* **What you are asked to do**:
Among the entries below, take the line with "Уровень алюминиевый, магнит, фрезерованный, 3" and the line with "WBA8B9G51JNU97905 2018 BMW 3ER - Image 2", and output them and every line between them exactly, with nothing else.

* **Extracted entries**:
####
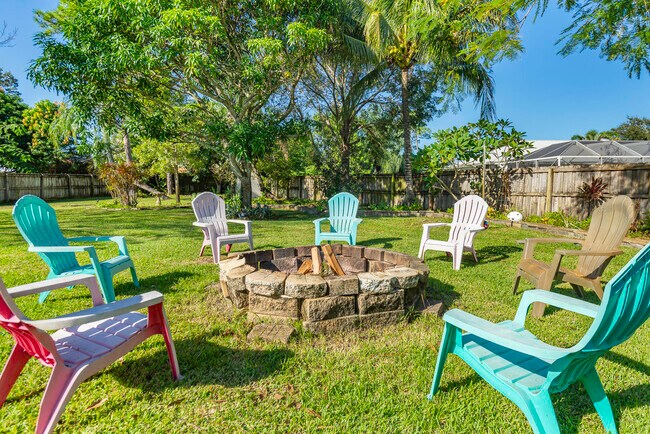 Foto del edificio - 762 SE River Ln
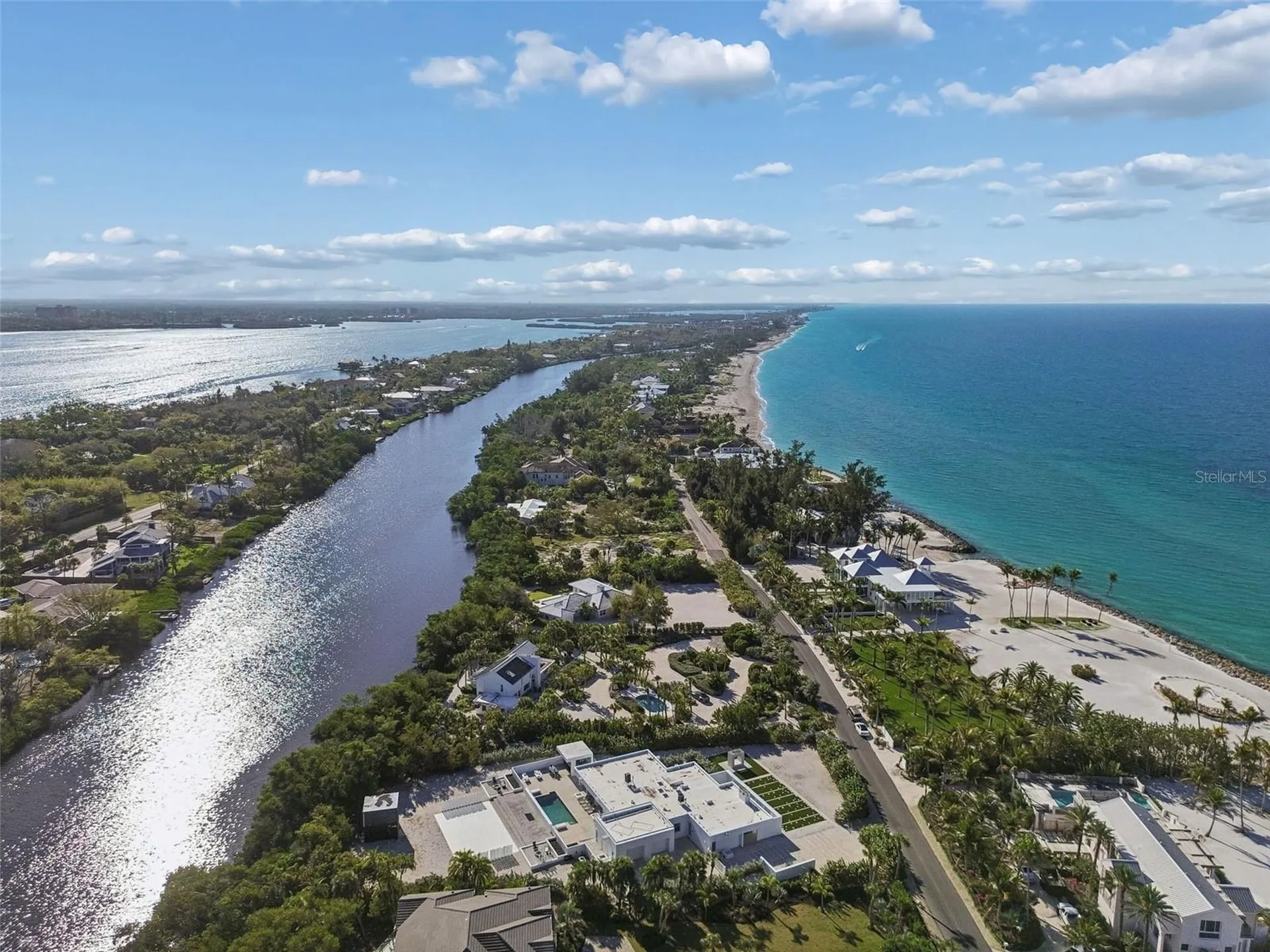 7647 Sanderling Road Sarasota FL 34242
####
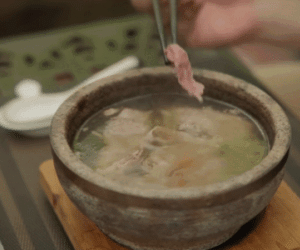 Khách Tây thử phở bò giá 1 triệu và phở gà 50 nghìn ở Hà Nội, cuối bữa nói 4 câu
####
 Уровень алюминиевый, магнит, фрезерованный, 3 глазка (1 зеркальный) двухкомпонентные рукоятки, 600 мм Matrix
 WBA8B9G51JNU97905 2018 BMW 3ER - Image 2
####
* **Task result**:
 Уровень алюминиевый, магнит, фрезерованный, 3 глазка (1 зеркальный) двухкомпонентные рукоятки, 600 мм Matrix
 WBA8B9G51JNU97905 2018 BMW 3ER - Image 2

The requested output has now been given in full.